写真は、2011年制作の「美渦(みうず/英:Muses)」。使われている容器はフリーマーケットで見つけた寿司桶。躍動感あふれる金魚に目を奪われがちだが、ポンプや水草も深堀さんが描いたもの。昨年刊行された『金魚養画場』(2625円/文芸社)では、他にもさまざまな金魚アートとの出会いが楽しめる。
深堀隆介 個展「色浴ノ秋(しょくよくのあき)」 2012年9月19日(水)~10月22日(月) 国…
桶の中を色鮮やかに泳ぐ金魚たち。実はこの金魚、すべて容器内の樹脂に描かれた“絵”! 美術作家の深堀隆介さんが独自の技法で描いた作品なのだ。

「僕は子供の頃から釣りが好きで、水面に魚が見えると、ドキッとしました。人間にとって魚は、上から見るのが自然な姿。実は、日本の金魚も本来、“上から見る魚”なんです。中国から日本に伝わってきた金魚は、江戸時代まで桶の中をのぞき込む鑑賞法でした。そのため、尾ひれを広げたり、目を出したりと、上から見て美しいように品種改良が繰り返されてきたんです」

しかし、水槽が流通した現在は、“金魚は横から眺める”のが一般的。

「だからこそ、僕は 本来の鑑賞法の“上見(うわみ)”にこだわって作品をつくっています。また、作品にはモデルの金魚がいるわけではなく、尾ひれや色も想像です。自分の心の中の金魚を、品種改良しながら描いてるんです」

器の中に、金魚の幻影が浮かび上がった時、作品制作が始まるという。そんな深堀さんに、金魚の美しさを気づかせてくれたのは、7年間飼っていた一匹の金魚だった。

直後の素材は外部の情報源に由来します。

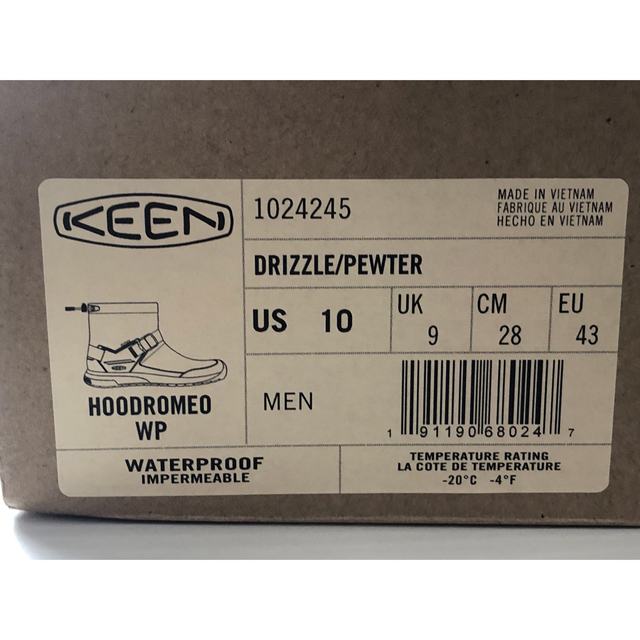 KEEN(キーン)のKEENキーン✨HOODROMEO WPメンズブーツ♪ メンズの靴/シューズ(ブーツ)の商品写真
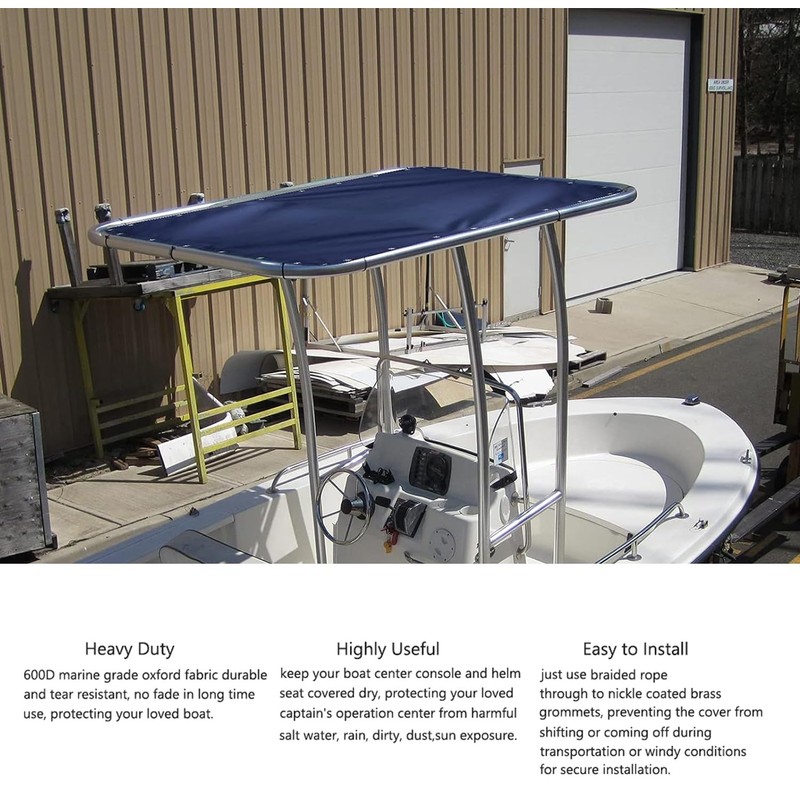 TOPSALL Boat T Top Canvas Replacement, Fits Up to 61"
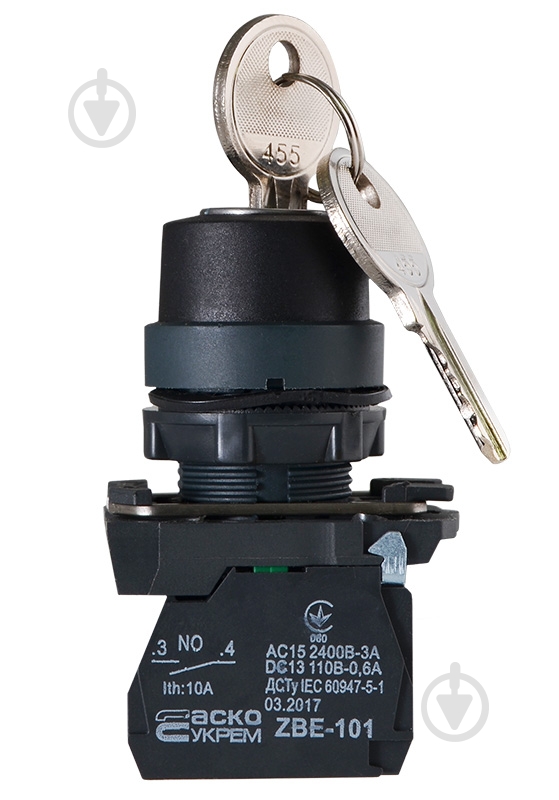Кнопка Аско-Укрем TB5-AG41 A0140010154 - фото 3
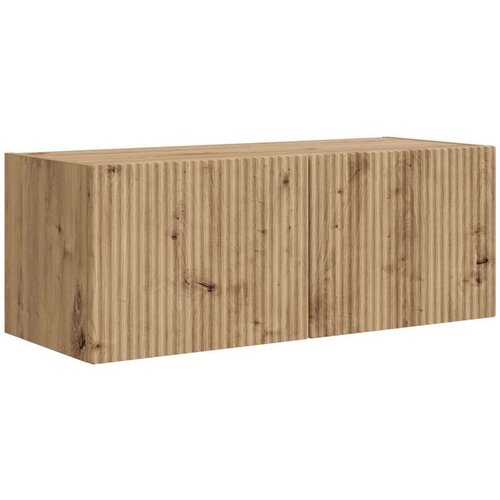  Set TV komoda Zidne 2 pcs Umjetnički hrast Konstruirano drvo Slike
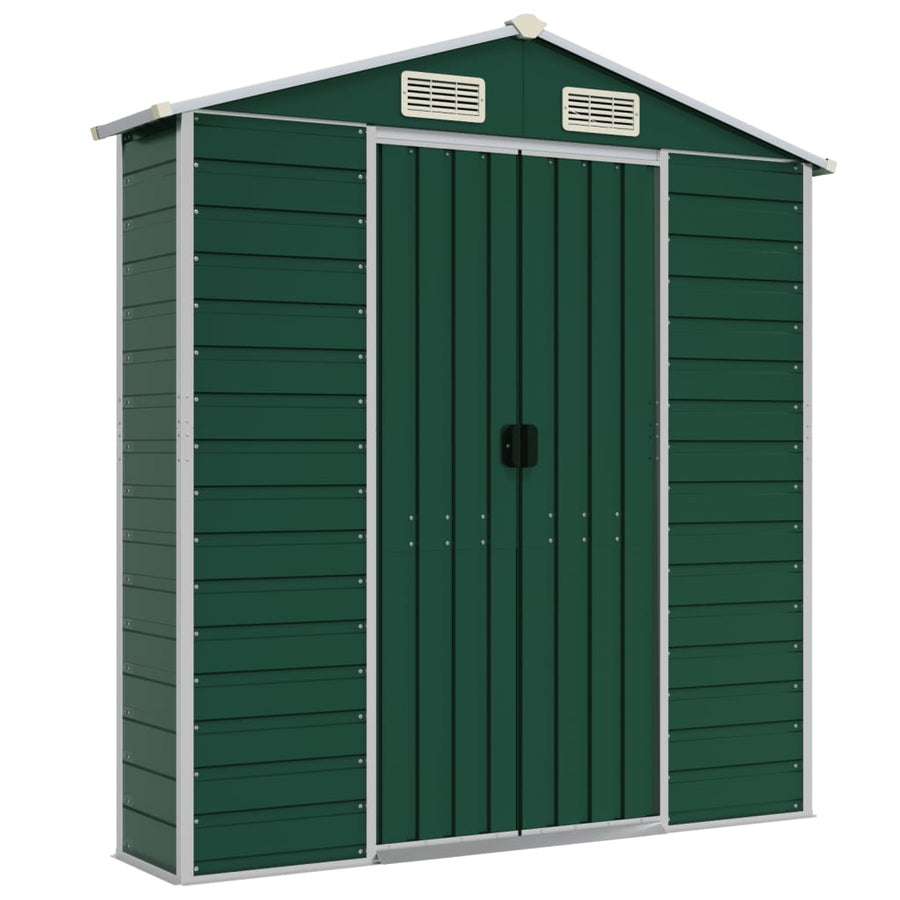 Tuinschuur Gegalvaniseerd Staal 191 x 725 x 198 cm Groen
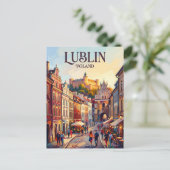 Lublin Polen Postkarte (Stehend Vorderseite)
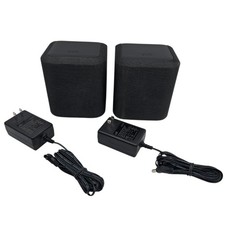 Polk Audio DSR3 Wireless Speakers Surround Sound Left Right w/ Both A/C Adapters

「何を表現したらいいかわからず、作家をやめようと思った時、ふと部屋に置かれた水槽が目に入り、なにげなく中の金魚をのぞき込んだんです。そのとき、汚れた水の中にいた金魚の背中に、なんとも言えない妖しさと美しさを感じ、すぐに、金魚を描き始めたんです」

これが転機となり、金魚を描き始め、今や唯一無二の金魚アーティストとなった深堀さんは、こう語る。

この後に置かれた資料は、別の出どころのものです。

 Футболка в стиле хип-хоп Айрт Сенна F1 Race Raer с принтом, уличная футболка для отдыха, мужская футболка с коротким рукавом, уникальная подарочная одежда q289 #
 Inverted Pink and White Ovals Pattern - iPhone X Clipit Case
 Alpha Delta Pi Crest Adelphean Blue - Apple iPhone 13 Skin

「僕は、金魚に日本人そのものを感じています。金魚も日本人も大陸からこの島国・日本に渡ってきたという同じ背景を持ち、ともに歩んできた長い歴史がある。だからこそ、金魚は、いにしえより続く、哀愁ある“美しき日本”を表現できると思うんです」

9月には国立新美術館での個展も予定されている。ぜひ間近で鑑賞してもらいたい。